BEGIN THE RECORDS
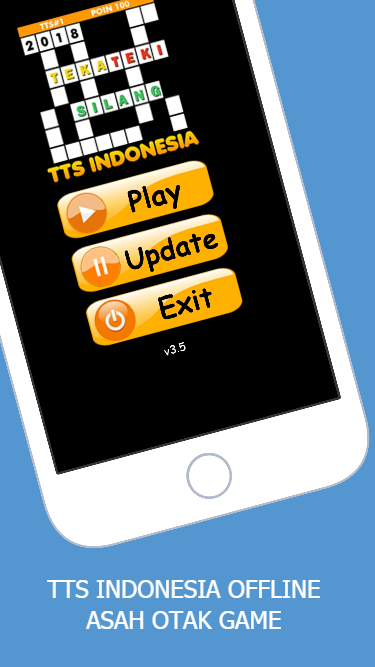 Teka Teki Silang - TTS Offline截图5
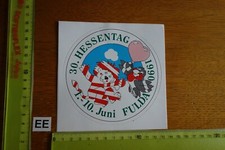 Alter Aufkleber Stadt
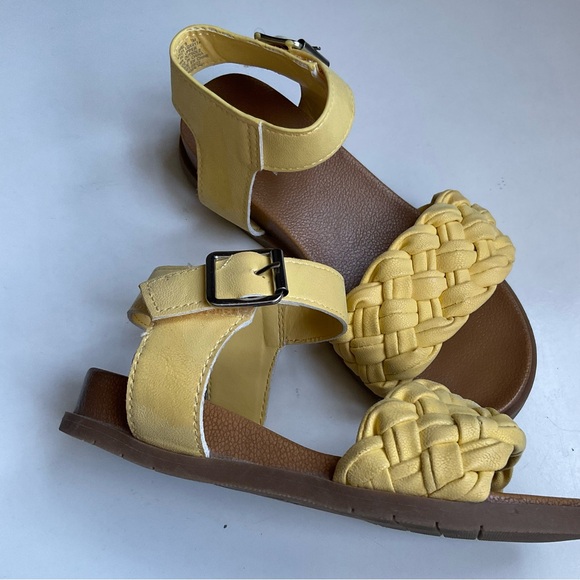 Maurices Girl Mia Yellow Sandals - Picture 4 of 5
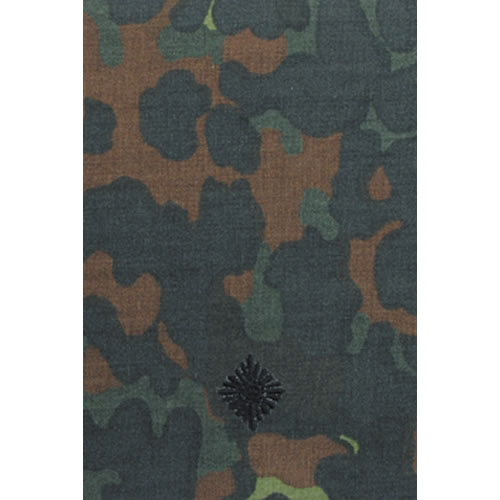 Levně Bundeswehr nárameník BW LEUTNANT FLECKTARN / černé vyšití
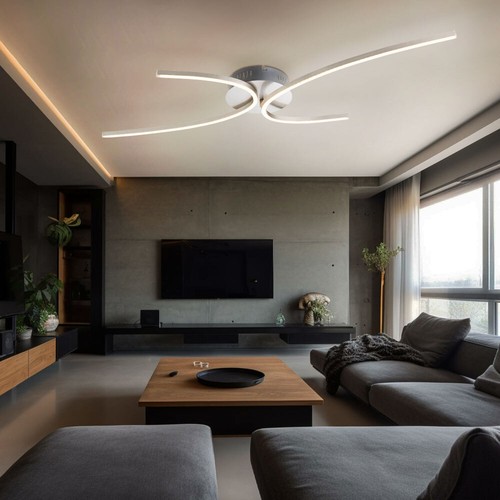 Plafoniera lampada design - plafoniera,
END THE RECORDS
All records above must be output exactly as they stand, excluding pictures.

- _WRITTEN SOLUTION_
 Teka Teki Silang - TTS Offline截图5
 Alter Aufkleber Stadt
 Maurices Girl Mia Yellow Sandals - Picture 4 of 5
 Levně Bundeswehr nárameník BW LEUTNANT FLECKTARN / černé vyšití
 Plafoniera lampada design - plafoniera,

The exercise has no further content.